Car pendant que la présidence peaufine son discours, l’horloge tourne. La coalition d’opposition C64 a fixé puis laissé filer un ultimatum, avant d’annoncer une marche nationale pour le 15 septembre. Les confessions religieuses, qui avaient obtenu un répit en juillet, formulent désormais des réserves sur le format même du dialogue. Et sur le terrain, à l’Est, la guerre continue de dicter le tempo d’un pays où gouverner, en ce mois d’août 2026, revient à tenir ensemble trois fronts à la fois : celui des armes, celui de la Constitution, et celui d’une opposition qui ne croit plus aux promesses.

La genèse d’un principe arraché plutôt qu’octroyé

Rien, dans la posture initiale du pouvoir congolais, ne laissait présager une ouverture aussi rapide. Pendant des mois, les confessions religieuses regroupées autour de la CENCO et de l’ECC, l’opposition rassemblée dans la coalition C64 — Fayulu, Katumbi, Matata Ponyo, Sesanga, Kabund — et une partie de la société civile réclamaient un dialogue national inclusif, sans obtenir de réponse claire. Le pouvoir, lui, misait sur d’autres leviers : les processus diplomatiques de Washington et de Doha pour traiter la crise avec le Rwanda et l’AFC/M23, et l’avancée de sa loi référendaire pour le volet institutionnel intérieur.

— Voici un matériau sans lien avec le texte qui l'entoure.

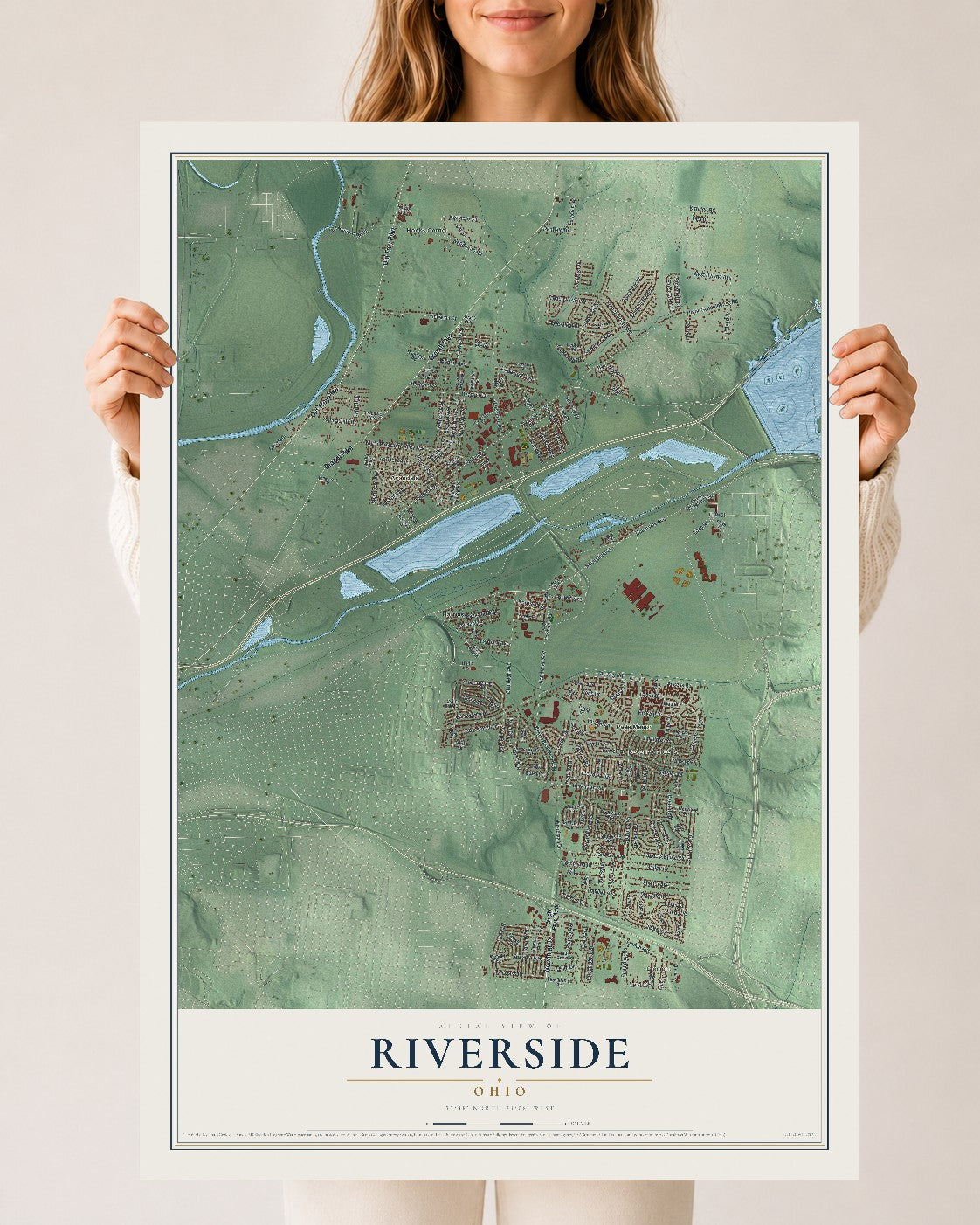 Map of Riverside, Ohio, 24 x 36 inch unframed archival matte print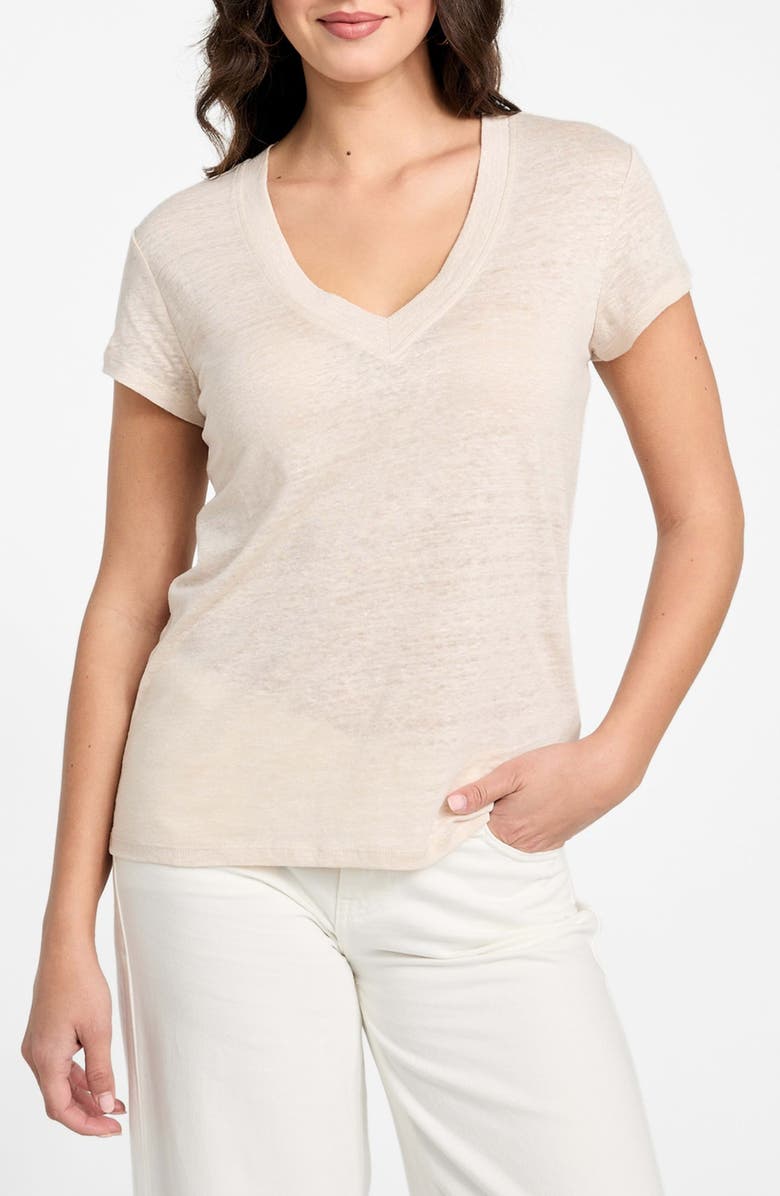 GUESS Lindsey V-Neck Linen T-Shirt, Main, color, Smash Taupe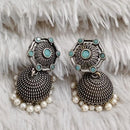 Rajwadi Collection Boho Stylish Oxidised Plated Pota Stone And Pearl Jhumki Earrings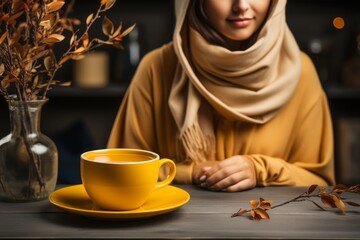 Cozy winter setting. person enjoying a hot steaming cup of tea on a chilly day - 748163701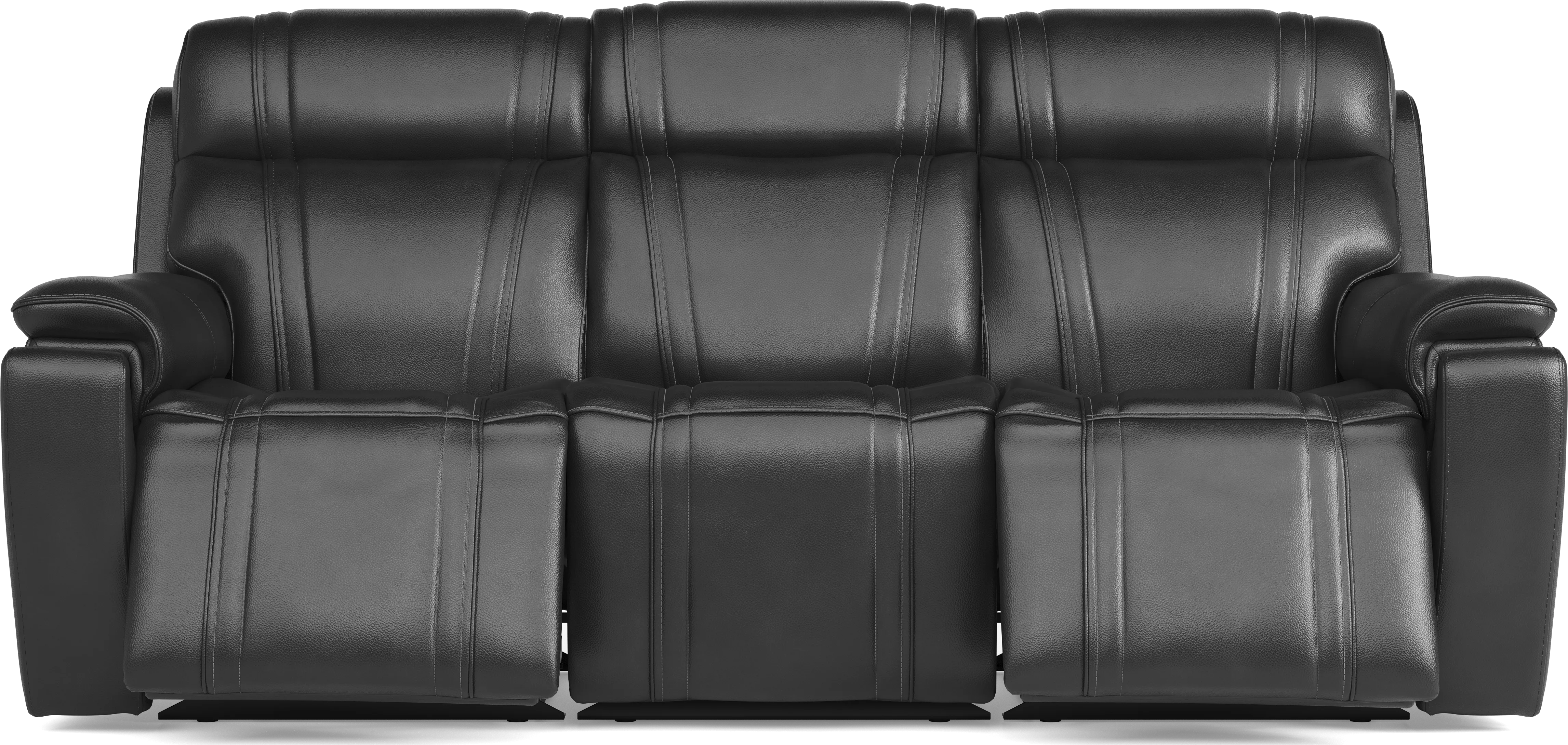 Sound Tech by Shaq Black Leather 5 Pc Triple Power Reclining Living Room with Audio - Thumbnail - Image 2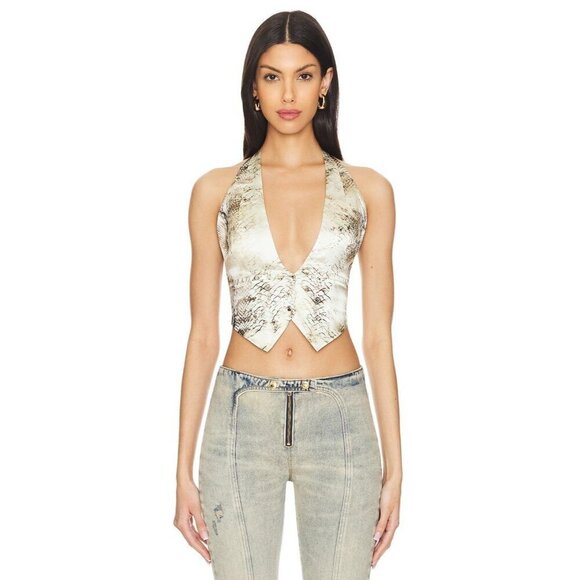 Retrofete Jackets & Blazers - retrofete Romy Open Back Silk Snakeskin Print Vest Vintage Snake Womens Size Sma
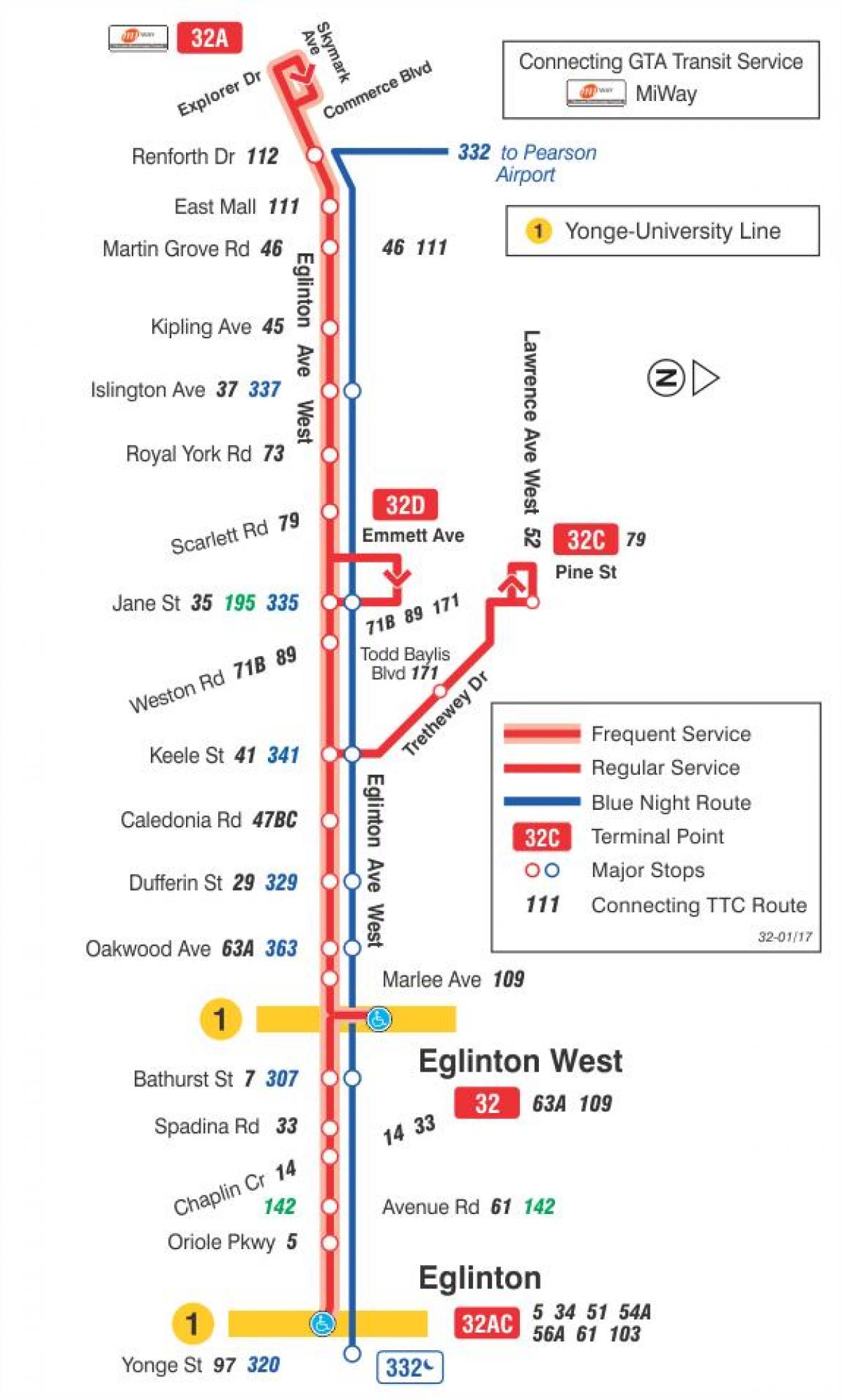 Mapa de TTC 32 Eglinton Oest autobús de Toronto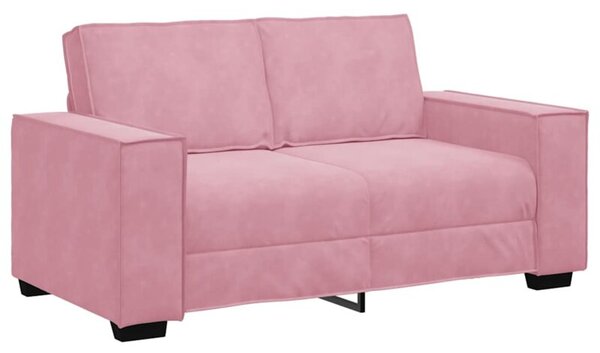 Sofa 2-osobowa, rÃ³Å¼owy, 160x78x84 cm, tapicerowana aksamitem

Le basculement intervient le 17 juillet 2026, à l’issue d’une audience de plus de deux heures à la Cité de l’Union africaine entre Félix Tshisekedi et les principaux responsables des confessions religieuses. À sa sortie, le cardinal Fridolin Ambongo annonce que le président a « levé l’option » d’un dialogue entre fils et filles du Congo, présenté comme inclusif, apaisé et républicain, dans l’objectif affiché de consolider la cohésion nationale face aux divisions politiques et à la crise sécuritaire dans l’Est.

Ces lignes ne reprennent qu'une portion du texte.